Ellos pensaban que uno era un infiltrado. Esa noche se reunía la célula de Juventud Popular, como siempre, en una oficina frente a la Plaza San Martín, exactamente sobre el Embassy. Ya había participado de varias actividades como el pegado de carteles a medianoche, tocar el bombo en las marchas contra la dictadura, llevar la bandera del movimiento en esas mismas manifestaciones, ir a recolectar firmas al jirón de la Unión por toda una tarde.
Esa noche, había llegado demasiado temprano a la plaza. En uno de los portales había una librería y allí entró a entretenerse. Pero era una librería triste, los libros empolvados eran nuevos que parecían de segunda mano.
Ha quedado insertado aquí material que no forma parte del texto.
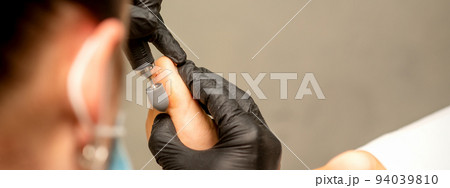 Podiatrist wearing black protective gloves cleaning the skin of foot from callus and corn with the professional electric tool 94039810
Hojeó algunos sin mayor referencia y terminó por comprarse La Ciudad y Los Perros de la editorial Peisa. Se lo dieron en una bolsa de papel, pagó y partió hacia la reunión. Allí estaban las mismas caras de días pasados. Fueron dos horas bastante aburridas. Jóvenes de izquierda tratando de articular opiniones que ya habían recibido prefabricadas y compitiendo entre sí por colocar el adjetivo más agresivo sobre los enemigos fujimoristas en aquel entonces. Todo iba bien, escuchando lo que decían y queriendo irse pronto pues ya sabía en qué terminaría todo. La bolsa de papel, el libro dentro, descansaban en su regazo.
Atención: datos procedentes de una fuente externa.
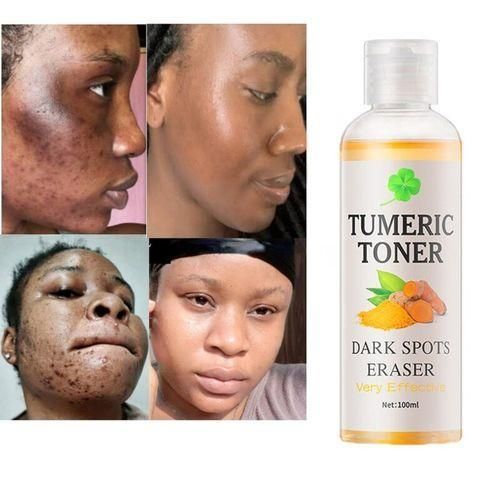 product_image_name-Generic-Dark Spots Corrector Melasma Remover Tumeric Serum Acne Remover-3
Se acercó uno de los líderes, Carlos, mientras algún otro de los presentes le decía “bufón de la dictadura” a Valle Riestra. Carlos sentado a su lado, le preguntó qué llevaba en la bolsa. Un libro, le dijo. “A ver, préstamelo”, y él lo sacó de la bolsa y se lo entregó sonriente, ingenuo, pensando en un genuino interés literario. “¿Vargas Llosa?”, le dijo, “ese es como Bayly, ¿no?” Y él lo miró extrañado. No, simplemente dijo. El joven volvió a decirle bufón a Valle Riestra.
El libro le fue devuelto y Carlos se alejó de él.
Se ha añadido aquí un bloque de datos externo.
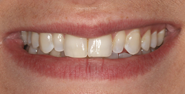 Before Image: Case 126 - front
Pero no fue hasta la intervención de Martin, otro de los
líderes, que entendió lo que estaba sucediendo. “Acá los soplones han venido a
chambear con nosotros. Han salido a marchar con sus zapatillas de marca y han
pegado afiches”. Se reía orgulloso y evitaba con evidencia intencional, mirar a
uno. Esa fue la última vez que colaboró con la resistencia. En la siguiente
reunión se deben haber felicitado de haber desenmascarado y descubierto a
tiempo a ese agente del SIN que para esas horas seguro se sentaba en una banca
de la Plaza Mayor, sin saber qué hacer y con algún otro libro en la mano, más que seguro, no ha leído hasta el día de hoy.